I did not see much of dogs # 10 and # 15 because I was getting # 20 ready. The rain did not materialize with the went calm by the time the last dog ran. I can report the all three #s 10, 15 and 20 all handled after biggie hunts on the long mark.

The judges are still in conference so I am heading to GA.


----------



## Howard N (Jan 3, 2003)

Thanks for the play by play. I'm sorry you had to handle.


----------



## Tim West (May 27, 2003)

Jim, thanks for the play by play.

Unfortunately, I only have the placements and RJ and no other info as I have it second hand as well, having had to leave with another two hours of dogs left to run.

First-Ramsie and Paul Rainbolt
Second-Rooster and Linda Noga
Third-Jefe (me)
Fourth-Annie and Linda Noga
RJ-Twister and Al Wilson

I believe all other contestants got jams except the one pickup.

The marking tests in this Am were good, hard tests and the same for the blinds. 

Thanks to the Tulsa RC who are a very small club and work their tails off. Thanks guys and thanks to the contestants who placed and finished!

As for me, it's time for my dogs to train on all shot fliers during duck and guiding season.


----------



## Mike W. (Apr 22, 2008)

Congratulations to Paul Rainbolt on his Amateur WIN!

Also an oustanding showing by Linda Noga who placed second with Rooster and 4th with Annie!


----------



## Mike W. (Apr 22, 2008)

Oh yeah, congrats Tim on the second!


----------



## Tim West (May 27, 2003)

Can you move me up! HA

Did you swat the ducks yesterday?


----------



## Mike W. (Apr 22, 2008)

Season starts for my place on Nov 7th. I was out there this weekend ferrying out 4-wheelers and checking on it. I'll post pictures on my wetlands thread. Let's just say I have a weee bit too much water on it


----------



## Aaron Homburg (Sep 23, 2005)

*Congratz Paul, Tim and Linda!

Aaron*


----------



## Howard N (Jan 3, 2003)

*Congrats Tulsa Slim on the Amateur win!!!*


----------



## Judy Chute (May 9, 2005)

Howard N said:


> *Congrats Tulsa Slim on the Amateur win!!!*


Congratulations!!! "Ramsie" and Tulsa Slim !

Well done!

Judy


----------



## Twolabsplus (Aug 29, 2004)

Congratulations To The Am....

Paul, Linda, Tim And Al........


The Sunflower Retriever Club....


----------



## DKR (May 9, 2003)

Way to go Paul and Ramsie!


----------



## Jay Dufour (Jan 19, 2003)

Congrats Tulsa !!!! Great


----------



## Bayou Magic (Feb 7, 2004)

Congrats Paul and Tim! Way to go.

Jefe is on a roll. Isn't that 3 placements out of the last 4 trials?

fp


----------



## Paul Rainbolt (Sep 8, 2003)

Thanks all, I Also left early and kept checking RTF for the results . I didn't find out i had won till I rebooted my I phone and 6 voice mail popped up, man i was surprised. 
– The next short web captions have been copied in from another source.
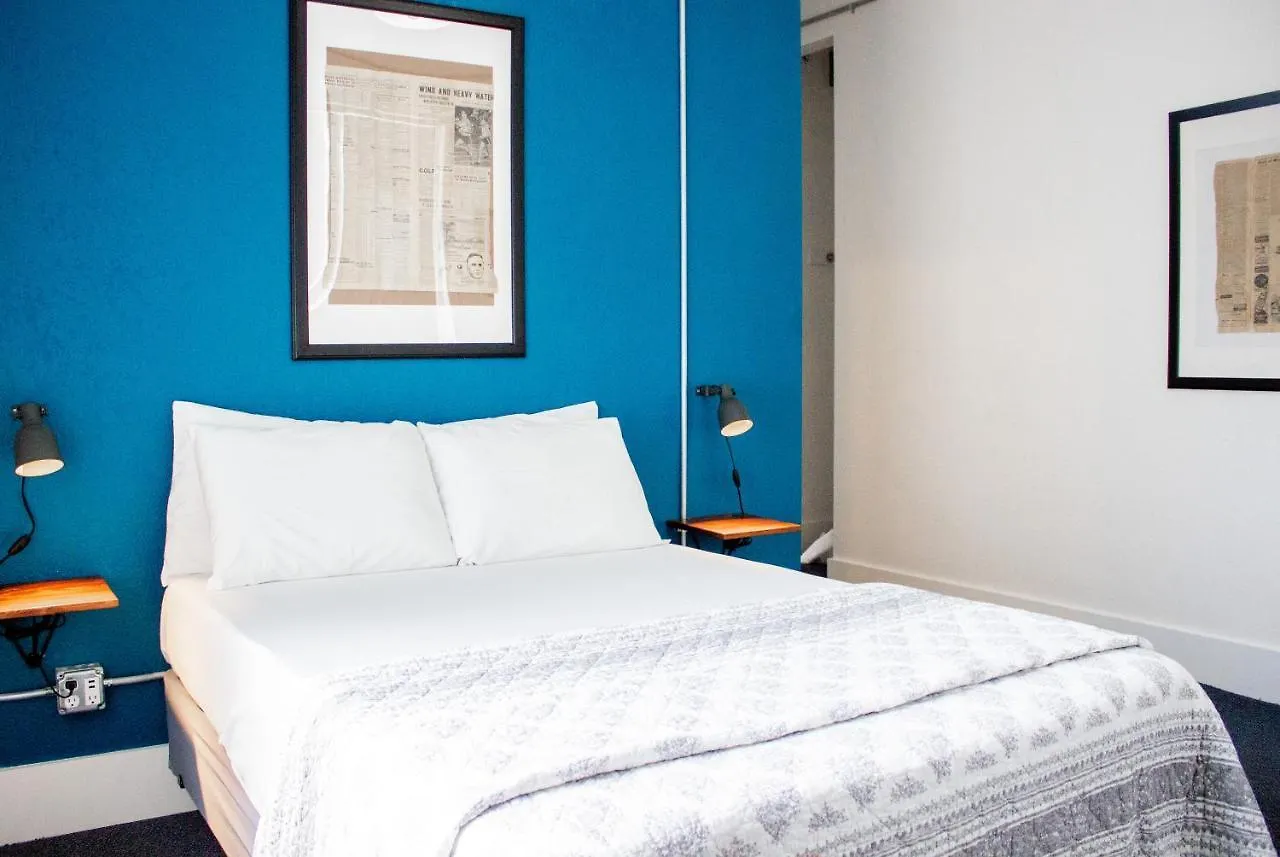 11Th Avenue Hostel  Denver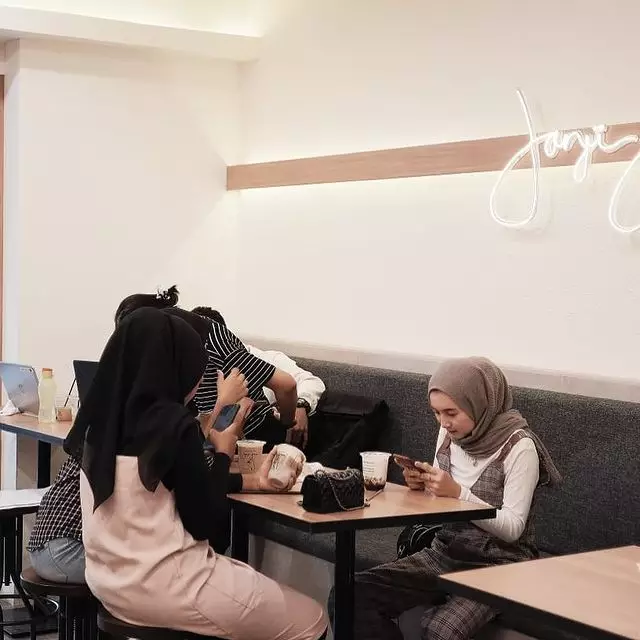 tren minum kopi literan © Instagram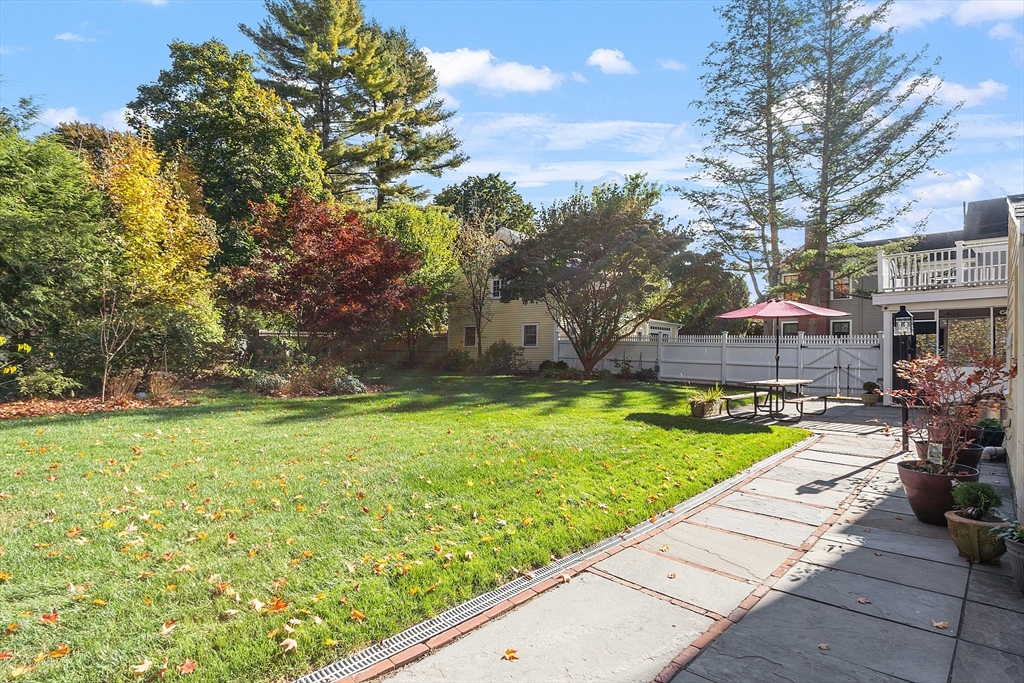 40 Lowell Road, Unit 40 Concord, MA 01742 - Photo 8 of 42 Gallery Image 8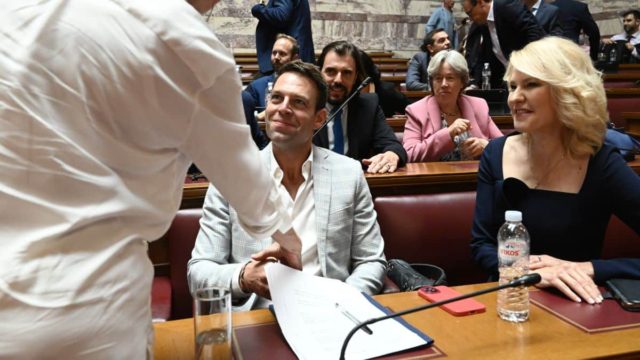 «Εμφύλιος» στον ΣΥΡΙΖΑ: «Αντάρτικο» στην πρεμιέρα του Κασσελάκη  – Ποιοι 16 ψήφισαν «λευκό»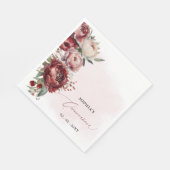 Elegante moderne Burgund Blush Bloral Quinceñera Serviette (Ecke)
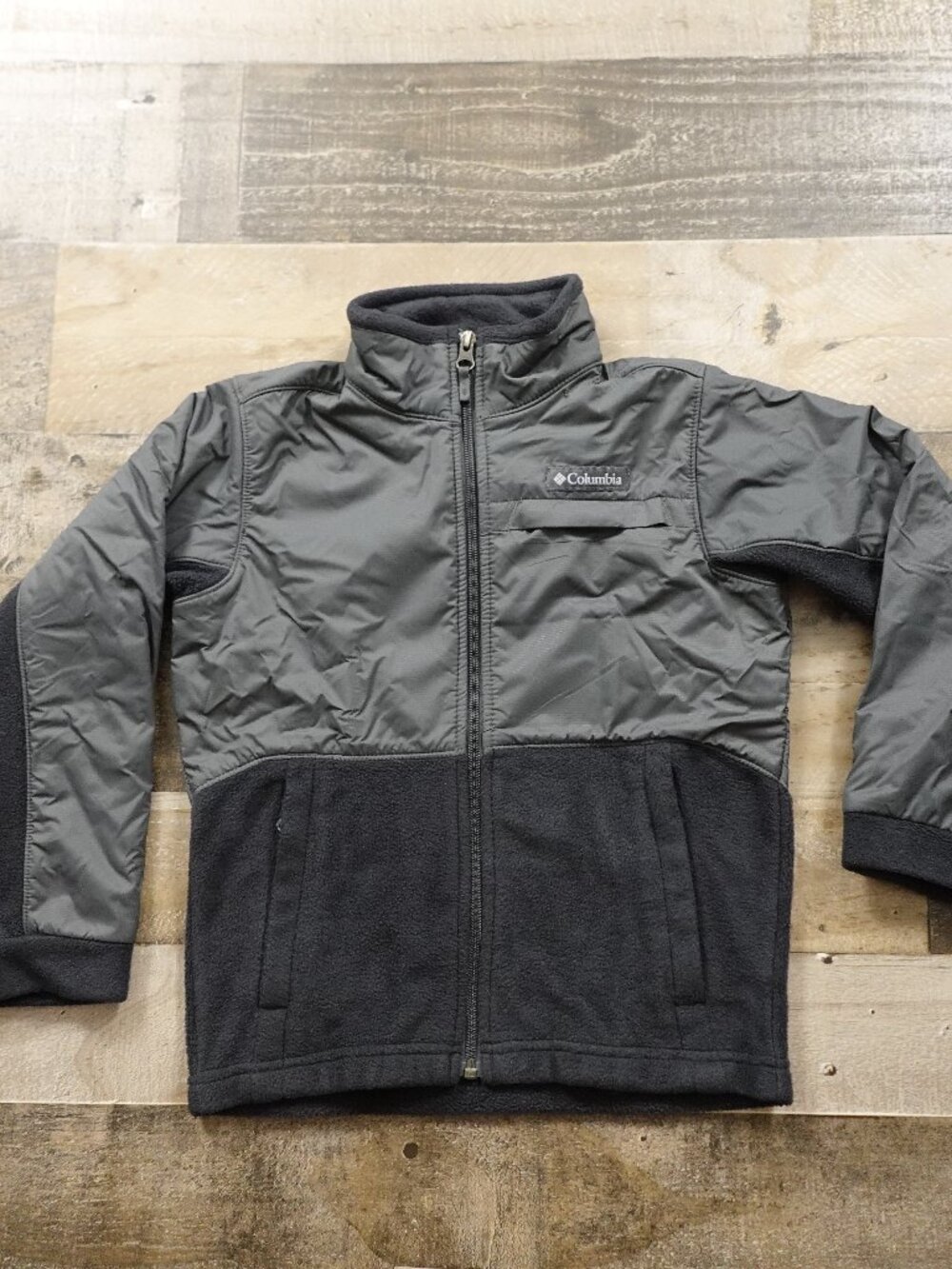 Columbia Steens Mountain Overlay Jacket Boys XS Gray Black Fleece Outdoor
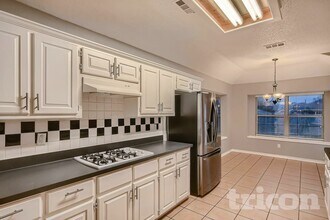 2021 Cantura Dr in Mesquite, TX - Foto de edificio - Building Photo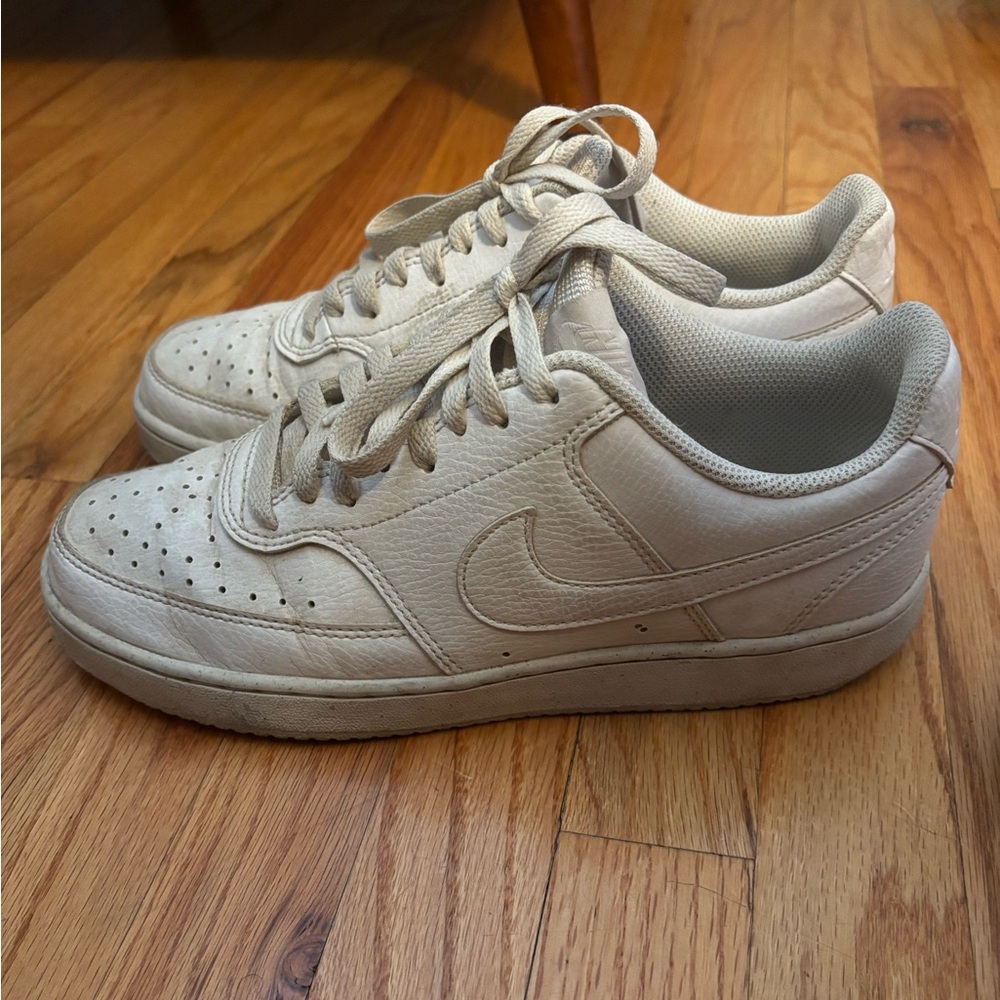 Women’s Nike Court Vision Low Triple White W 8.5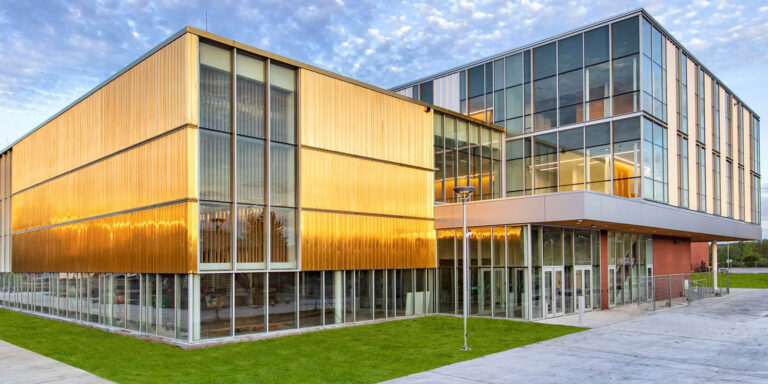 Seneca Polytechnic – Trường Công Lập Hàng Đầu Tại Toronto, Canada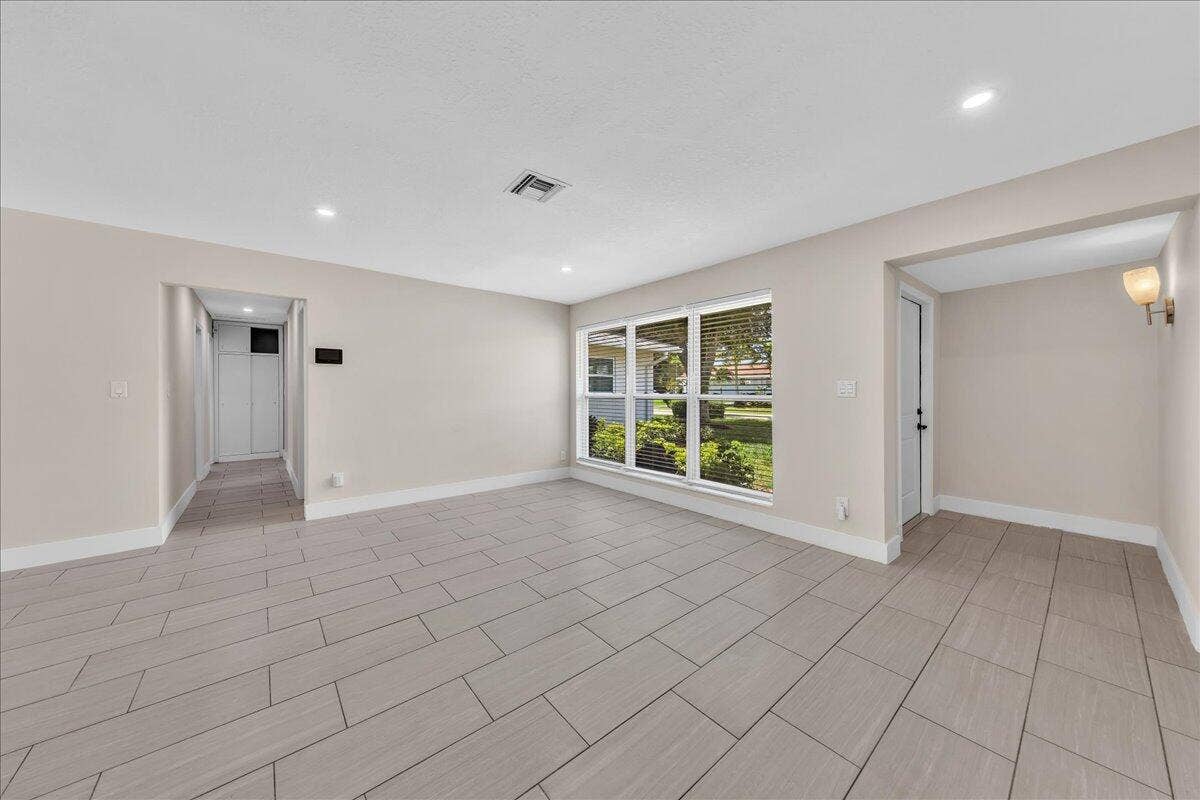 611 N Highland Drive, Hollywood, FL 33021 07-306A6334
Anyone who puts on a trial know how hard it is to manage the workers for all the stakes and run your dogs in between putting out fires and dealing with all the little dramas that come up. I'm feel humbled and blessed to have been able to compete with the great handlers and dogs in the last series of this AM. 

I want to personally thank all the judges who gave there time, Gary Davidson and Mo Shubble (Limited) Chip Miles And Greg Seddon( AM) Gary Gallaway ,Art Geddes (Qual).

All the volunteers workers who step up and help set up, tear down , provide four wheelers shoot flyer's, Marshal, get lunches, stewart stakes, James Roberts, Tim West, Mike Logins, Brit Whit, Todd , John Freeman, Anna Curry, Richard Davis, Len Lelfore,Chris and Martha Mcool, Joseph McCann for making his awesome grounds available to the club. 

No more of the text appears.